The missionary spirit was strong among my companions. I never thought that I had the right qualifications for that work; but I had a desire to see the prairies and the great rivers of the West, and to get a taste of free, primitive life among pioneers.

Before the year 1845, several of my friends had emigrated as teachers or missionaries. One of the editors of the "Operatives' Magazine" had gone to Arkansas with a mill-girl who had worked beside her among the looms. They were at an Indian mission—to the Cherokees and Choctaws. I seemed to breathe the air of that far Southwest, in a spray of yellow jessamine which one of those friends sent me, pressed in a letter. People wrote very long letters then, in those days of twenty-five cent postage.

Rachel, at whose house our German class had been accustomed to meet, had also left her work, and had gone to western Virginia to take charge of a school. She wrote alluring letters to us about the scenery there; it was in the neighborhood of the Natural Bridge.

My friend Angeline, with whom I used to read "Paradise Lost," went to Ohio as a teacher, and returned the following year, for a very brief visit, however,—and with a husband. Another acquaintance was in Wisconsin, teaching a pioneer school. Eliza, my intimate companion, was about to be married to a clergyman. She, too, eventually settled at the West.

The event which brought most change into my own life was the marriage of my sister Emilie. It involved the breaking up of our own little family, of which she had really been the "houseband," the return of my mother to my sisters at Beverly, and my going to board among strangers, as other girls did. I found excellent quarters and kind friends, but the home-life was ended.

My sister's husband was a grammar school master in the city, and their cottage, a mile or more out, among the open fields, was my frequent refuge from homesickness and the general clatter. Our partial separation showed me how much I had depended upon my sister. I had really let her do most of my thinking for me. Henceforth I was to trust to my own resources. I was no longer the "little sister" who could ask what to do, and do as she was told. It often brought me a feeling of dismay to find that I must make up my own mind about things small and great. And yet I was naturally self-reliant. I am not sure but self-reliance and dependence really belong together. They do seem to meet in the same character, like other extremes.

The health of Emilie's husband failing, after a year or two, it was evident that he must change his employment and his residence. He decided to go with his brother to Illinois and settle upon a prairie farm.

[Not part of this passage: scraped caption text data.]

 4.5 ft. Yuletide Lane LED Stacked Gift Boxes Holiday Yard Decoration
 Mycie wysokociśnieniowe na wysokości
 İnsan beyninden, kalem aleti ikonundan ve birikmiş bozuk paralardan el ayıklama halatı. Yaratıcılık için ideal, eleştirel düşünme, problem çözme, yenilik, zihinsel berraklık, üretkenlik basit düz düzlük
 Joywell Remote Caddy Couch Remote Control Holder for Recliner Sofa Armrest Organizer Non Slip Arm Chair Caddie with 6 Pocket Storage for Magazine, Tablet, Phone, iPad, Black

Of course his wife and baby boy must go too, and with the announcement of this decision came an invitation to me to accompany them. I had no difficulty as to my response. It was just what I wanted to do. I was to teach a district school; but what there was beyond that, I could not guess. I liked to feel that it was all as vague as the unexplored regions to which I was going. My friend and room-mate Sarah, who was preparing herself to be a teacher, was invited to join us, and she was glad to do so. It was all quickly settled, and early in the spring of 1846 we left New England.

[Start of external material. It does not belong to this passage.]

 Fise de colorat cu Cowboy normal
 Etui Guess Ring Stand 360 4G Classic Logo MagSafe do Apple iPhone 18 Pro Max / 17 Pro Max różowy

When I came to a realization of what I was leaving, when good-bys had to be said, I began to feel very sorrowful, and to wish it was not to be. I said positively that I should soon return, but underneath my protestations I was afraid that I might not. The West was very far off then, a full week's journey. It would be hard getting back. Those I loved might die; I might die myself. These thoughts passed through my mind, though not through my lips. My eyes would sometimes tell the story, however, and I fancy that my tearful farewells must have seemed ridiculous to many of my friends, since my going was of my own cheerful choice.

The last meeting of the Improvement Circle before I went away was a kind of surprise party to me. Several original poems were read, addressed to me personally. I am afraid that I received it all in a dumb, undemonstrative way, for I could not make it seem real that I was the person meant, or that I was going away at all. But I treasured those tributes of sympathy afterwards, under the strange, spacious skies where I sometimes felt so alone.

The editors of the "Offering" left with me a testimonial in money, accompanied by an acknowledgment of my contributions during several years; but I had never dreamed of pay, and did not know how to look upon it so. I took it gratefully, however, as a token of their appreciation, and twenty dollars was no small help toward my outfit. Friends brought me books and other keepsakes. Our minister, gave me D'Aubigne's "History of the Reformation" as a parting gift. It was quite a circumstance to be "going out West."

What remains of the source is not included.